= Interpositive =

Motion picture duplication film with an orange mask

An interpositive, intermediate positive, IP or master positive is a motion picture film with a positive image made from the edited camera negative. Interpositive film uses colored dye couplers that create an orange mask like the camera negative to preserve color accuracy.

==Description==
From a traditional photographic perspective, an interpositive (short for intermediate positive) is the positive image of the original camera negative, which is an intermediate step towards creating the positive (exhibition) print.

The camera negative is projected onto negative film stock in a liquid environment - termed a wet gate - where the film stock is exposed using a contact process, so creating a like image (in effect, retaining the image in its negative—i.e. "reversed"—form) on negative film stock, as an intermediate step.

The interpositive historically had only one purpose, namely to be the element which is used to make the internegative.

The interpositive is made after the answer print has been approved. All lights and opticals from the answer print are repeated when striking the interpositive, and once the IP exists the original negative can be vaulted.

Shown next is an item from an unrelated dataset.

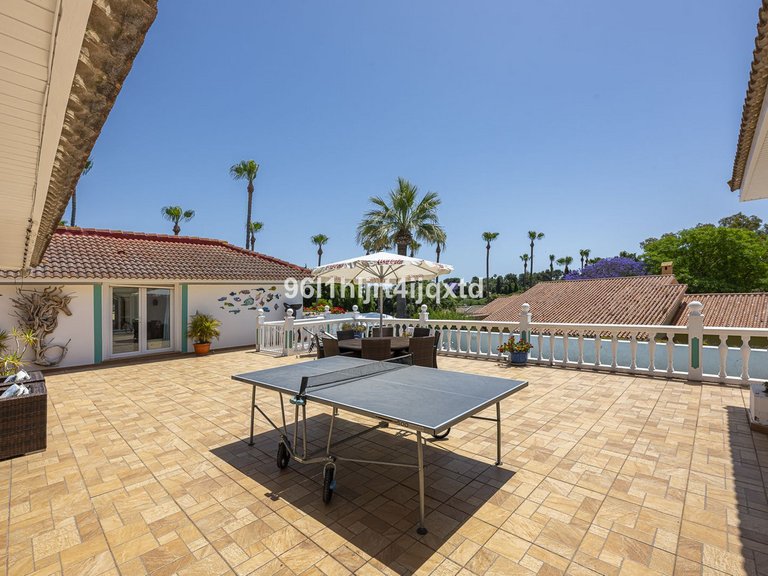 Villa for Sale in Sotogrande Costa, Cadiz 23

It is sometimes referred to as a "protection IP", since the only time the IP is touched is on the occasion of making the first or a replacement internegative. Since interpositives are used so rarely, they are usually the element that is in the best condition of all the film elements.

Historically, interpositives were the element of choice for film-to-tape transfers:
1. They are usually in better physical condition than the other film elements. The original camera negative is typically checkerboarded on several rolls, or may be chemically unstable if stored improperly.
2. They are very low-contrast and therefore were a better match for the dynamic range of older telecines.
3. Scratches or dirt on the IP appear as black defects on the transfer, which are generally less objectionable than white defects, which would be the case if the camera negative or internegative were used.

However, with improvements in resolution and dynamic range for home viewing, scanning the original camera negatives has become preferable.

Photographers who create photographic art by contact printing, such as Platinum or AZO, need interpositives in order to create large negatives. The final artwork has the size of the contact negative produced. Interpositives are also the best means of archiving or copying old image libraries. Reversal B&W processing can also be achieved from an interpositive by means of various kits and published recipes.